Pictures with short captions
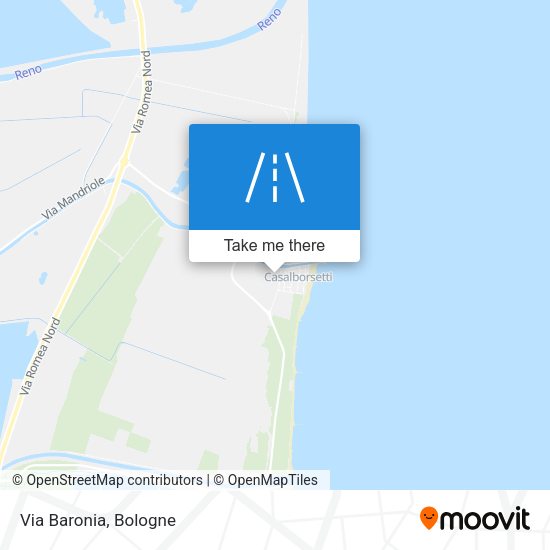 Via Baronia map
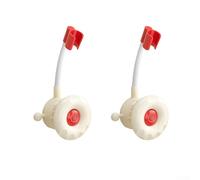 Soporte de cabezal de ducha con ventosa ajustable con rotación de 360 grados, instalación sin perforación, se adapta a muchos cabezales de ducha, permite ángulos de ducha personalizados (rojo)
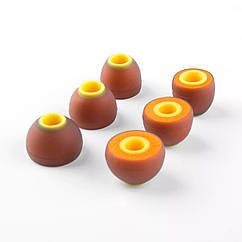 ⇒ Амбушюри мандаринки, силікон + піна для навушників KZ TRN TFZ KBEAR FiiO BGVP Sony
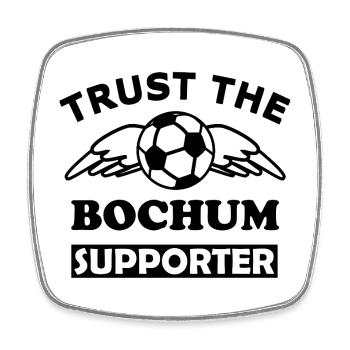 Bochum Football Ball Pattern - Square fridge magnet - white - Front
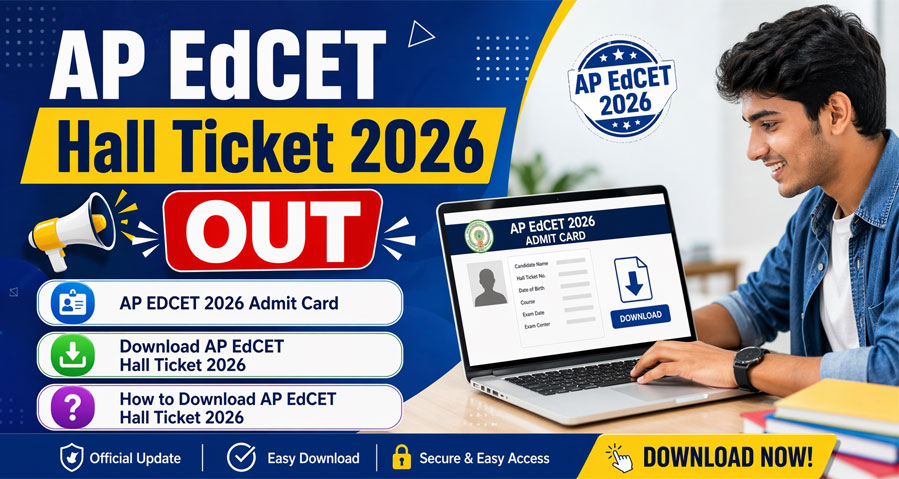 AP EdCET Hall Ticket 2026 Out: Download Admit Card, Exam Date at manabadi.co.in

Your assignment -> The copy should match the records above exactly, except that pictures are dropped.

Task result ->
 Via Baronia map
 Soporte de cabezal de ducha con ventosa ajustable con rotación de 360 grados, instalación sin perforación, se adapta a muchos cabezales de ducha, permite ángulos de ducha personalizados (rojo)
 ⇒ Амбушюри мандаринки, силікон + піна для навушників KZ TRN TFZ KBEAR FiiO BGVP Sony
 Bochum Football Ball Pattern - Square fridge magnet - white - Front
 AP EdCET Hall Ticket 2026 Out: Download Admit Card, Exam Date at manabadi.co.in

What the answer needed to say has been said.